January 22, 2015

Out in the cold at the Town of Reading Town Hall - again!

TOWN OF READING, Schuyler County, New York - The weather was the same (cold, snowing) the cast of characters slightly different when court convened in the Town of Reading Wednesday night for the 40 people scheduled to be arraigned on charges of trespassing.

They faced hearings for blocking the gates of Crestwood Midstream, the Houston-Texas company that has been pushing a project to store 88 million gallons of propane in salt caverns on the shore of Seneca Lake.

It barely needs mentioning this is a colossally bad idea that has people all around the Finger Lakes protesting.

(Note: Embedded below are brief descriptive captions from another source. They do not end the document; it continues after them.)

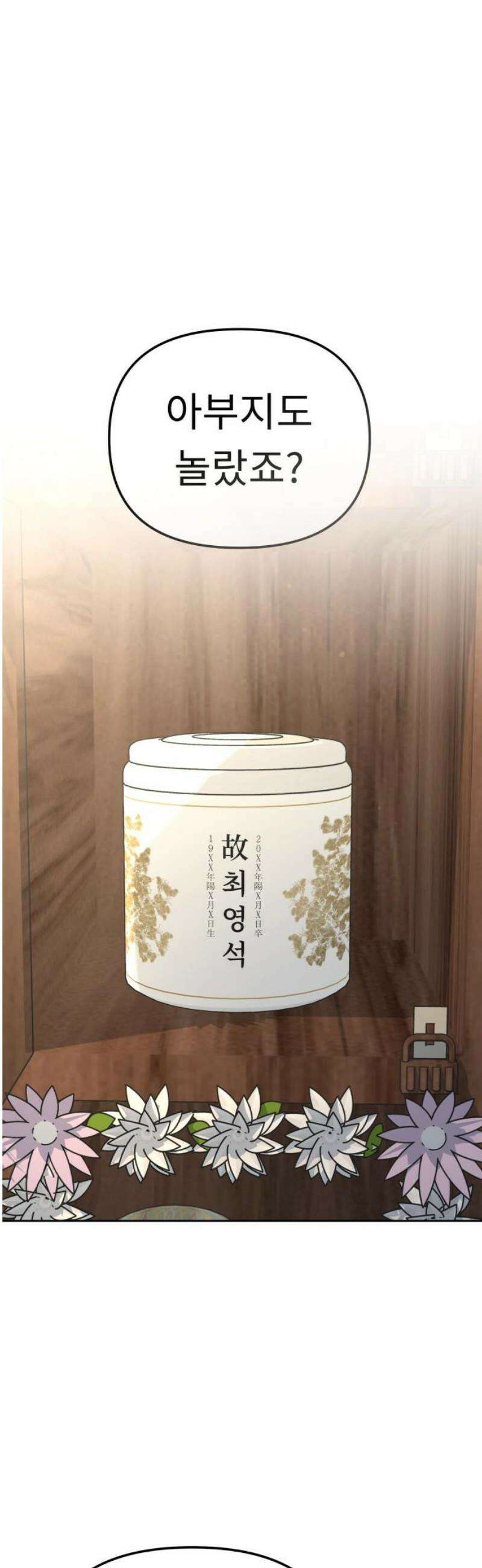 사서고생! 외전 2． 넋두리 6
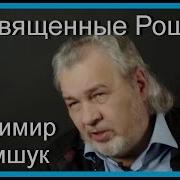 Шемшук Священные Рощи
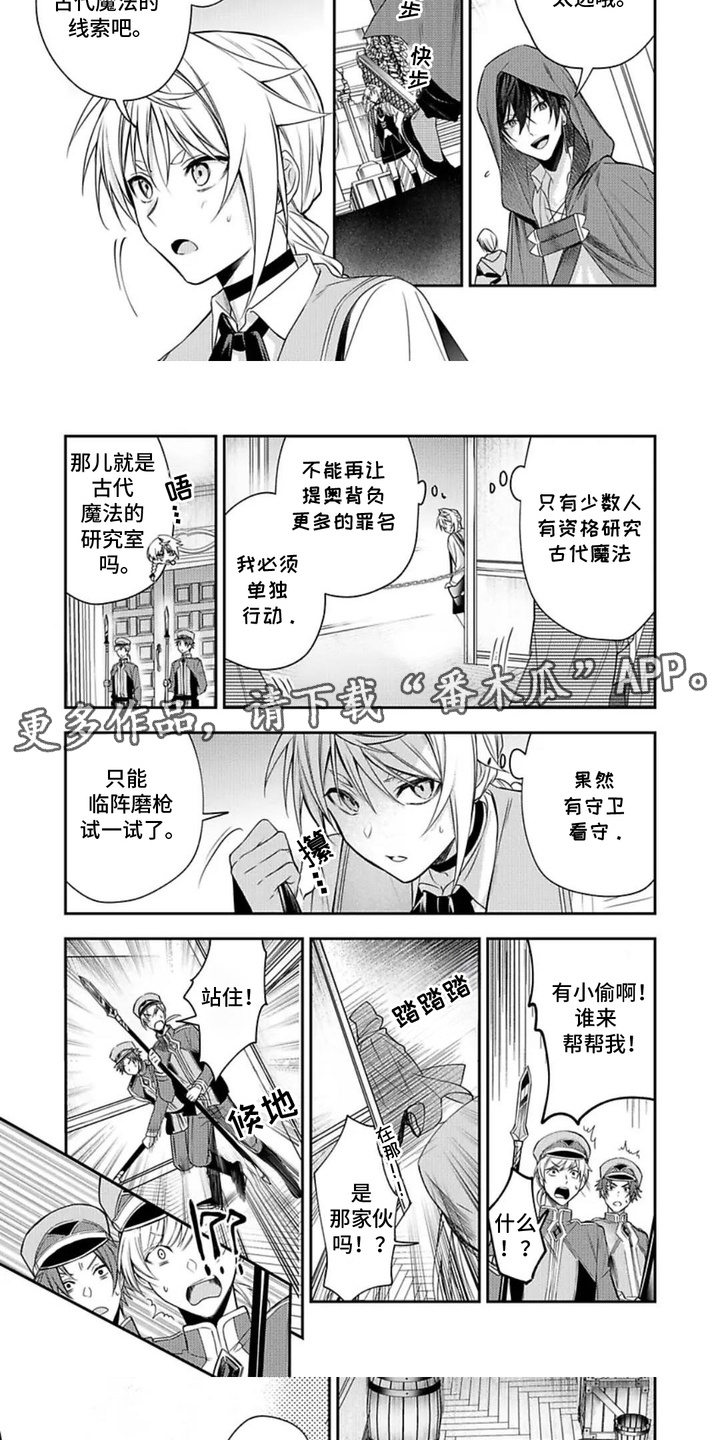 魔法使的爱徒漫画,第7话5图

A regional rally is planned for Jan. 31 at 2 p.m. in Geneva.

Since October the group We Are Seneca Lake has been blocking traffic from entering or leaving the 576-acre facility - at least until Schuyler County Sheriff's Deputies show up and haul them off, citing them for trespassing. The deputies are feeling the pressure and have been exhibiting signs that their senses of humor are stretched pretty thin.

When the weather turned cold and snowy, so did the hearts of the members of the Town Board of Reading and the elected town supervisor who said the courtroom would remain open, but the balance of the spacious, taxpayer-funding building would be remain off limits.

Thus anyone who couldn't fit into the courtroom had to stand outside. I did my best to embarrass the town in a column last week in the Finger Lakes Times.

Wednesday Sandra Steingraber spoke again about the movement, the arrests, the obnoxiousness (and dangerous aspects) of the lockout and also gave a knot of shivering arrestees and their supporters some words of encouragement - and news that the ACLU was stepping in. Of course, given the mindset of the people running the Town of Reading, the ACLU carries very little weight.

The two county sheriff's deputies on court duty continued to enforce the town's new policy of keeping the public out in the cold. But it was pretty clear neither of the deputies liked doing so.

And in the courtroom, I observed that Judge Raymond P. Berry - the same judge hearing most of the arraignments for the 200 people who have been arrested - has become more adept at reading the mandated state script about defendant's rights to counsel, rights to contact someone and the other assorted legalities.

He also now reads the script with the same enthusiasm as a flight attendant explaining how to buckle your seat belt on a commuter airline.